A few girls my age walk by us on the sidewalk. They look back and laugh.
* * *
We pass more storefronts. In one is a pale blue summer dress. It drapes on a faceless mannequin. I turn away.
/> The main street ends at a cobblestone pavilion with a gazebo overlooking the bridge Fritter and I drifted under this morning. My father and Dox walk over to a bench under the gazebo and plop down. I keep forgetting my father is spent. Dox is no spring chicken either. Fritter hobbles up, takes the end next to Dox, and lets out a sigh. These men are a sad bunch.
I set our things on the ground next to Fritter.
“Where are you going?” my father says.
“Nowhere.” I keep on going.
It might be good to see the dress after all.
* * *
The girls from earlier have stopped in front of the same store. They’re in dresses, too, with matching suede ankle boots. Both have straight auburn hair with bangs. Their faces are drawn and long like those of baby alpacas, their eyes lashy and dark. I don’t mean that as a dig. These girls are pretty in their own way.

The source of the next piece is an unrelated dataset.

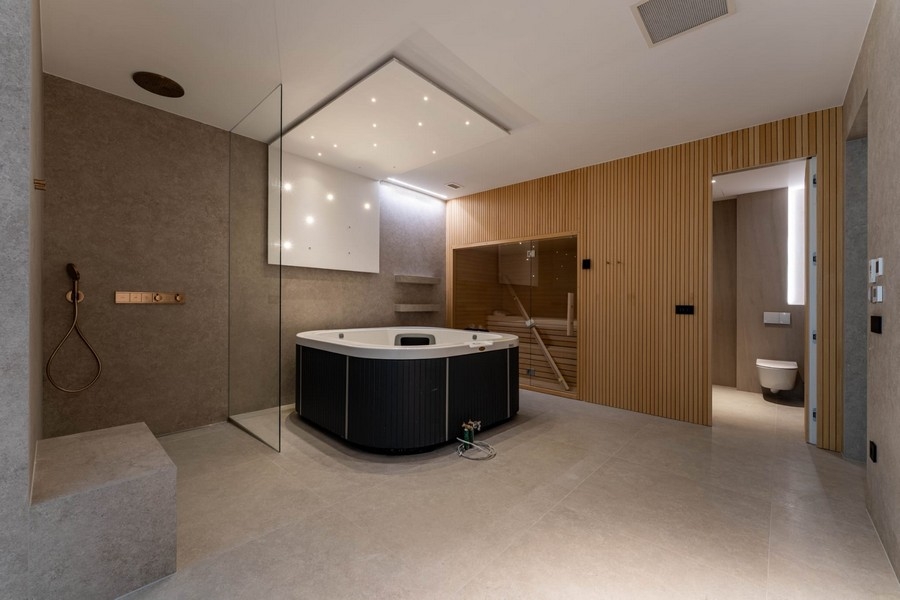 Wellness area with whirlpool and sauna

I stop at the storefront, too, but keep my distance from them. They see me and smile.
I smile back. “Hey.”
They don’t answer. They laugh and walk off.
They leave me alone.
* * *
In my reflection, I see what they see. My hair is a rat’s nest. My face is more dirt than face. Dried blood is on my shirt from holding Fritter’s head. My chest isn’t even there.
“Hey,” I say to myself.
My reflection keeps laughing at me.
* * *
When I head back to the gazebo, I hear mostly minor chords and screech. My father doesn’t miss a beat. He’s tied the hospital gown around his neck and has a shit-eating grin on his face. With the wooden spoon, he slaps the bottom of the overturned bucket, right in the molded bull’s-eye. He lifts the bucket up and down so the rim, which is flush with the ground, produces a deep-sounding bass. Fritter winces but sings. Dox is sweet Dox.